§ **Problem statement**
Transcribe the listing that follows in full, exactly, and drop its images.

§ **Exercise data**

::::

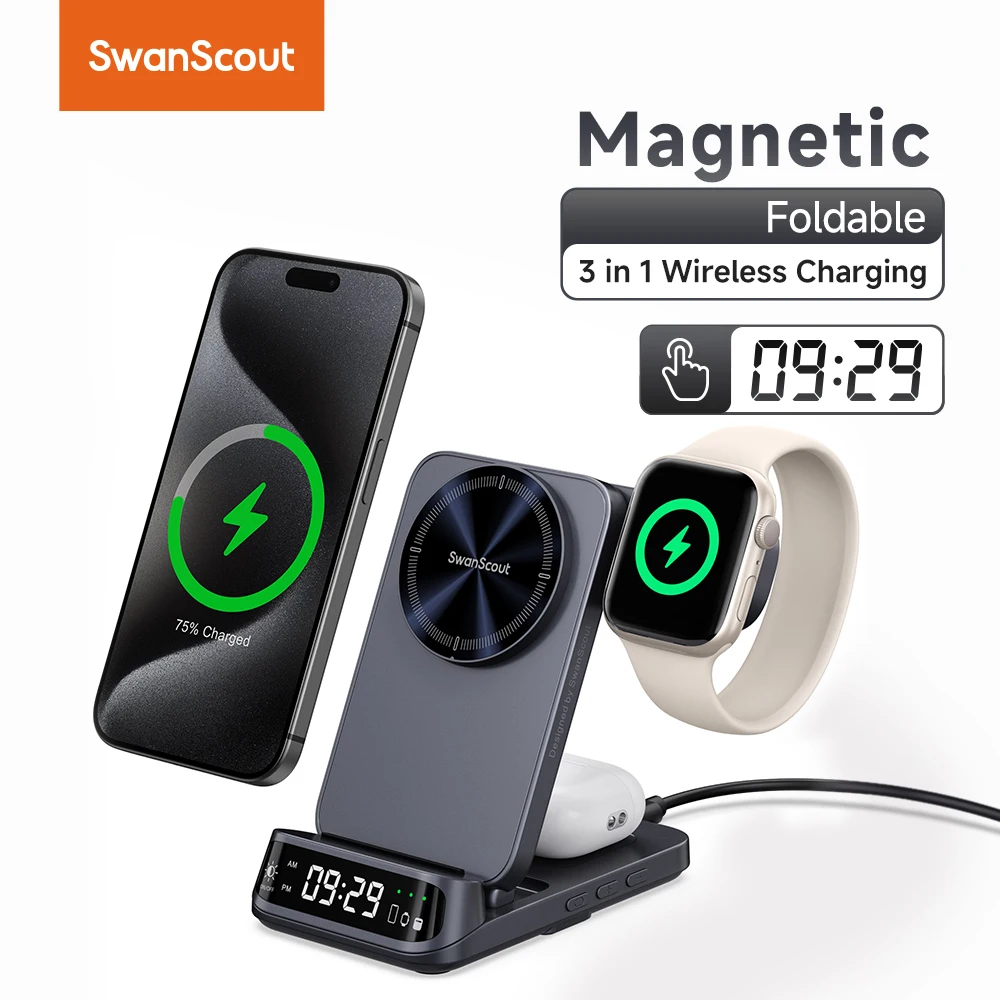 SwanScout 708M Wireless Charger for iPhone 15 14 13 12 Magnetic Charging Station for Apple Watch Ultra 2 10 9 8 For Airpods 4 3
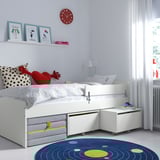 SLÄKT / NATTAPA Bed frame w guard rail+slat bd base, white, Twin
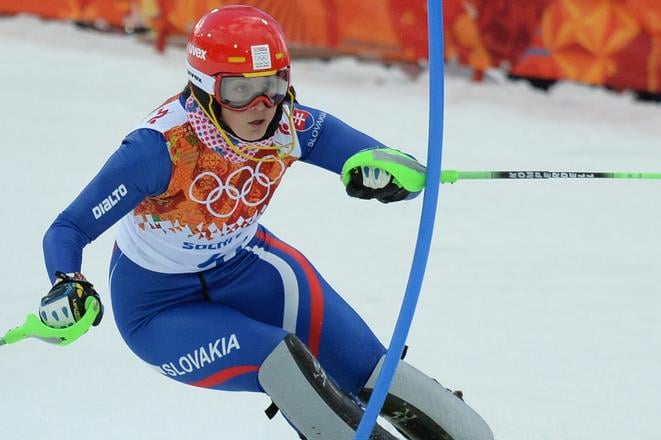 Slovenská lyžiarka Jana Gantnerová počas 1. kola  slalomu žien na XXII. zimných olympijských hrách v Červenej Poľane 21. februára 2014.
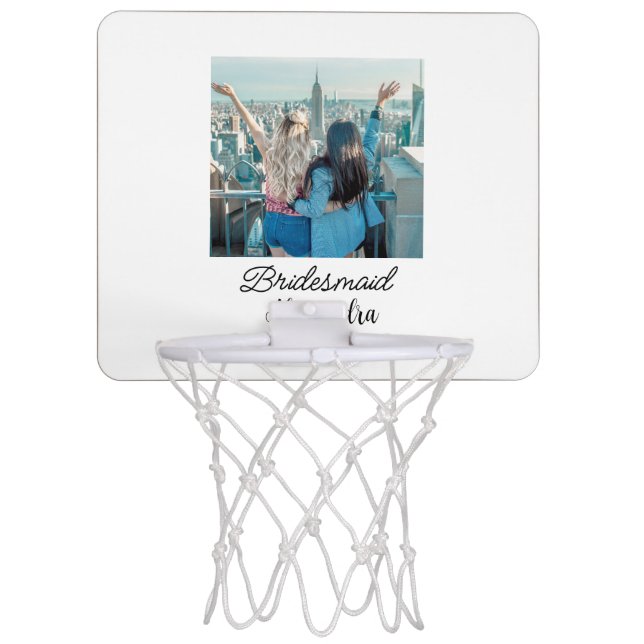 simple minimal add your name photo bridesmaid name mini basketball hoop (Front)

::::

§ **Task answer**
 SwanScout 708M Wireless Charger for iPhone 15 14 13 12 Magnetic Charging Station for Apple Watch Ultra 2 10 9 8 For Airpods 4 3
 SLÄKT / NATTAPA Bed frame w guard rail+slat bd base, white, Twin
 Slovenská lyžiarka Jana Gantnerová počas 1. kola  slalomu žien na XXII. zimných olympijských hrách v Červenej Poľane 21. februára 2014.
 simple minimal add your name photo bridesmaid name mini basketball hoop (Front)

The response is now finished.